> **WORK INSTRUCTION**
Say how many lines of the entries below include "Sneakers", giving nothing but that number.

> **MATERIAL FOR THIS TASK**

◆ ◆ ◆ ◆ ◆

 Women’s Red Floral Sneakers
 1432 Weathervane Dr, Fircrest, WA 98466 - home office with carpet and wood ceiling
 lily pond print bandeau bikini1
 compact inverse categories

◆ ◆ ◆ ◆ ◆

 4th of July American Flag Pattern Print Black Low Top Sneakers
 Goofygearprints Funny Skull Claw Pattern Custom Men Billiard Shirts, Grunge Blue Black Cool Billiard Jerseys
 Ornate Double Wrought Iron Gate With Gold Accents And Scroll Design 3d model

◆ ◆ ◆ ◆ ◆

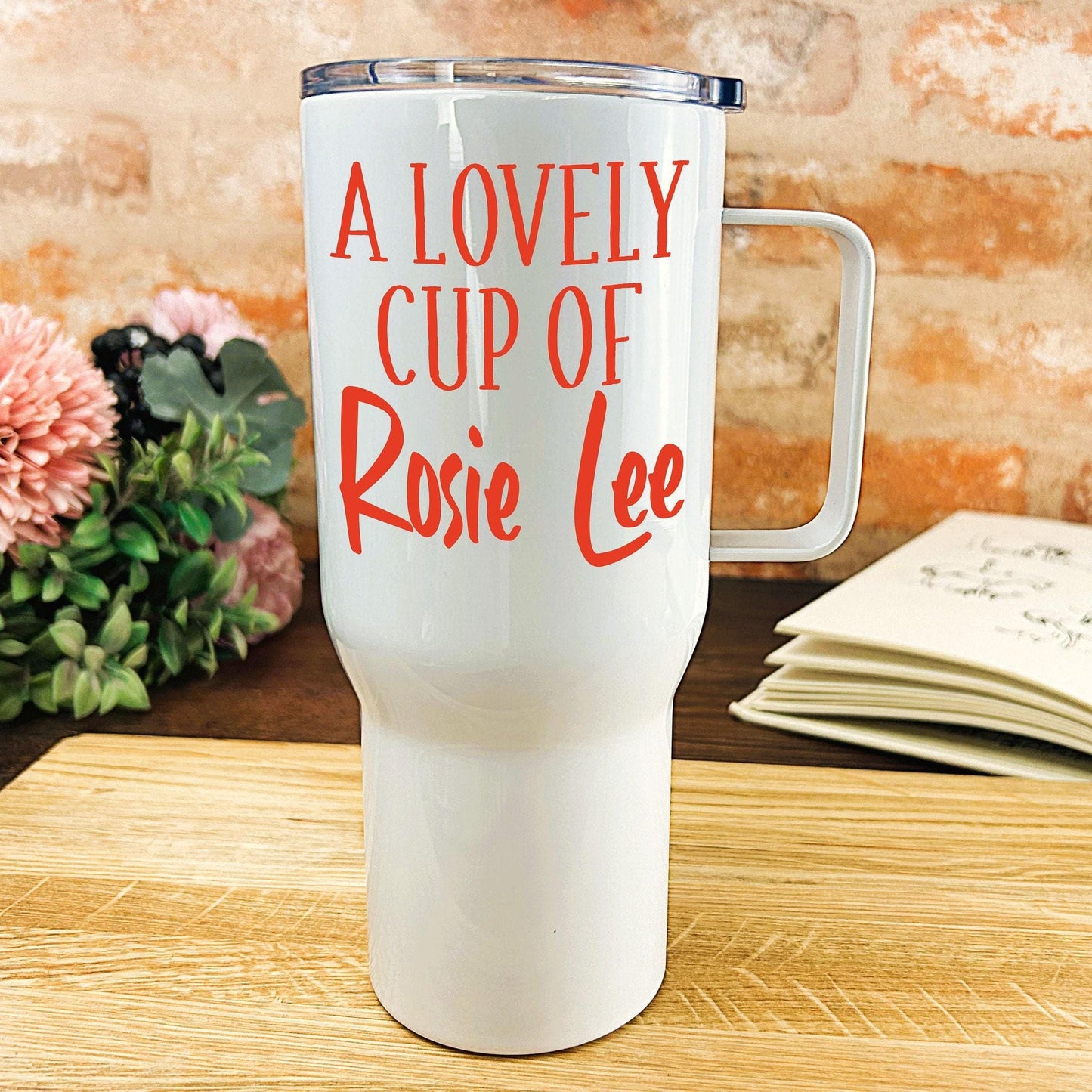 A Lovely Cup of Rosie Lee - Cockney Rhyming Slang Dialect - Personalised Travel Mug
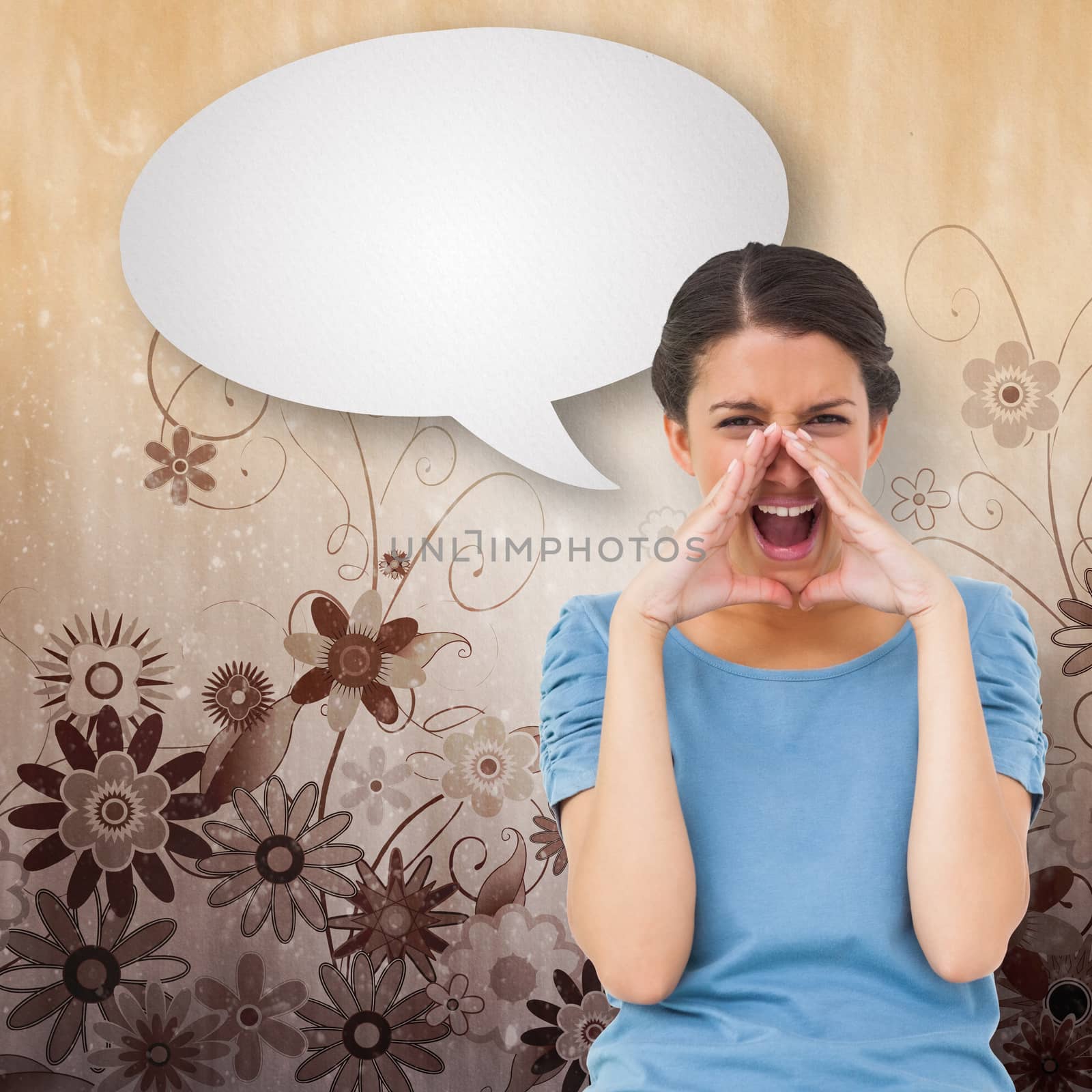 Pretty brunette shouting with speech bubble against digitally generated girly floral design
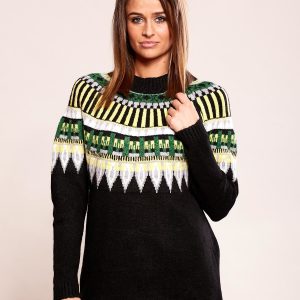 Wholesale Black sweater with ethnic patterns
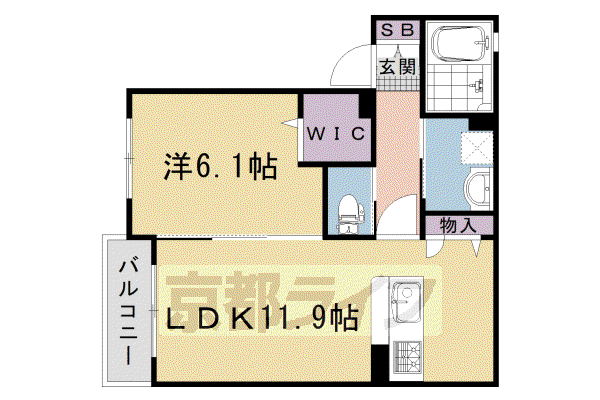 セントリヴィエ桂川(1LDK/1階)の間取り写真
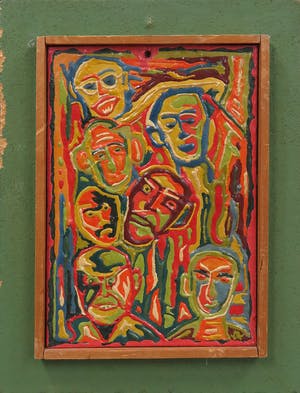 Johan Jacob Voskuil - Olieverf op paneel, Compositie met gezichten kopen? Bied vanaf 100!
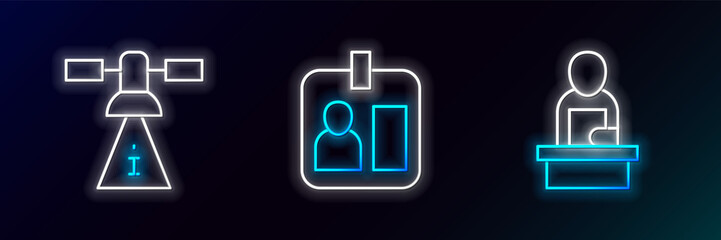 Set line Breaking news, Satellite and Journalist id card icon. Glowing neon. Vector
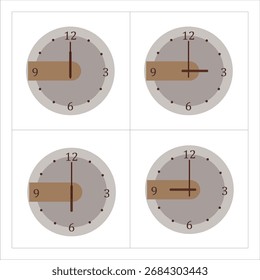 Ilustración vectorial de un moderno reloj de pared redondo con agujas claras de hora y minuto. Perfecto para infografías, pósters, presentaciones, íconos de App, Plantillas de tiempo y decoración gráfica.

◆ ◆ ◆ ◆ ◆

> **REPLY TO THE EXERCISE**
2